> **What to do**
Repeat the data in full. Drop every picture.

> **Provided material**

=====

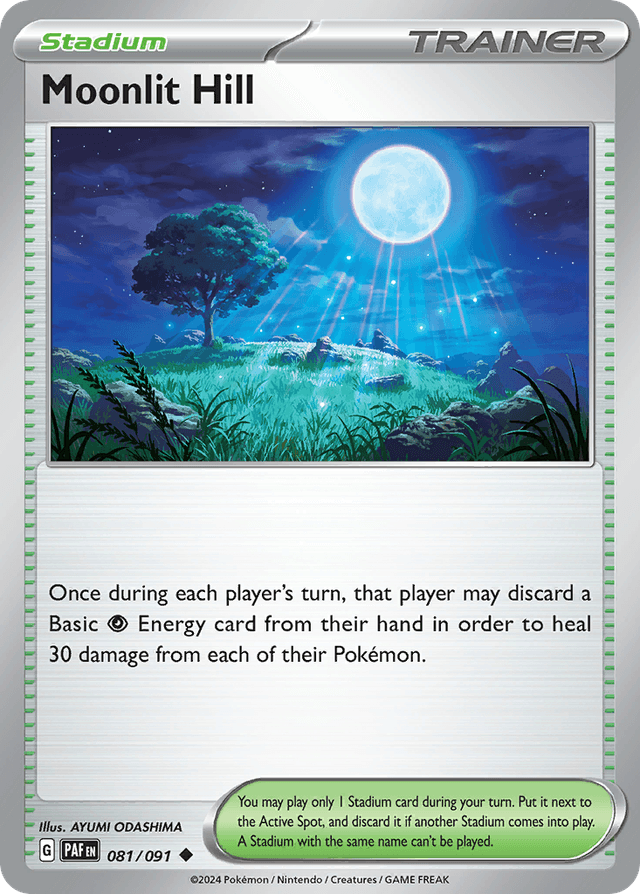 Moonlit Hill — Paldean Fates #81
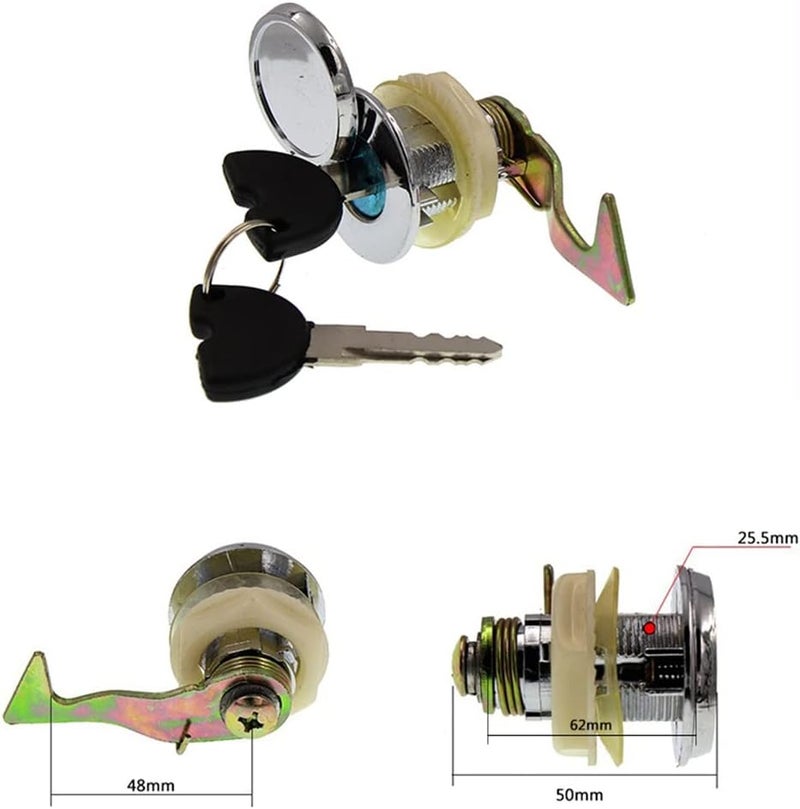 cheekyglo Motorcycle Tail Box Storage Lock, Metal Motorcycle Trunk Lock Modified Scooter Trim Tail Lock with 2 Keys for Motorcycles Scooters Electric Vehicles - Image 3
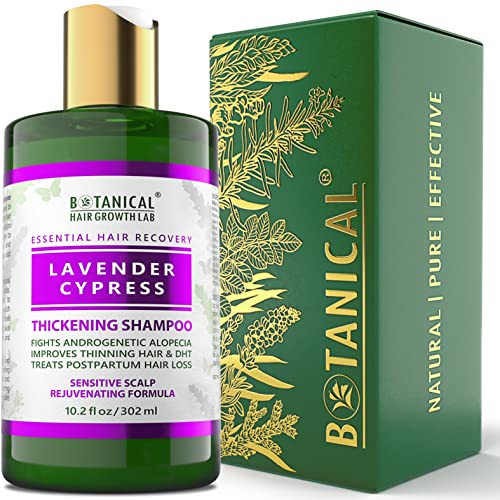 BOTANICAL HAIR GROWTH LAB - Anti-Hair Loss Shampoo - Sensitive Scalp - Lavender Cypress - Alopecia Postpartum DHT Blocker - 10.2 Fl Oz (Pack of 1) BOTANICAL HAIR GROWTH LAB - Anti-Hair Loss Shampoo - Sensitive Scalp - Lavender Cypress - Alopecia Postpartum DHT Blocker - 10.2 Fl Oz (Pack of 1)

=====

> **Result**
 Moonlit Hill — Paldean Fates #81
 cheekyglo Motorcycle Tail Box Storage Lock, Metal Motorcycle Trunk Lock Modified Scooter Trim Tail Lock with 2 Keys for Motorcycles Scooters Electric Vehicles - Image 3
 BOTANICAL HAIR GROWTH LAB - Anti-Hair Loss Shampoo - Sensitive Scalp - Lavender Cypress - Alopecia Postpartum DHT Blocker - 10.2 Fl Oz (Pack of 1) BOTANICAL HAIR GROWTH LAB - Anti-Hair Loss Shampoo - Sensitive Scalp - Lavender Cypress - Alopecia Postpartum DHT Blocker - 10.2 Fl Oz (Pack of 1)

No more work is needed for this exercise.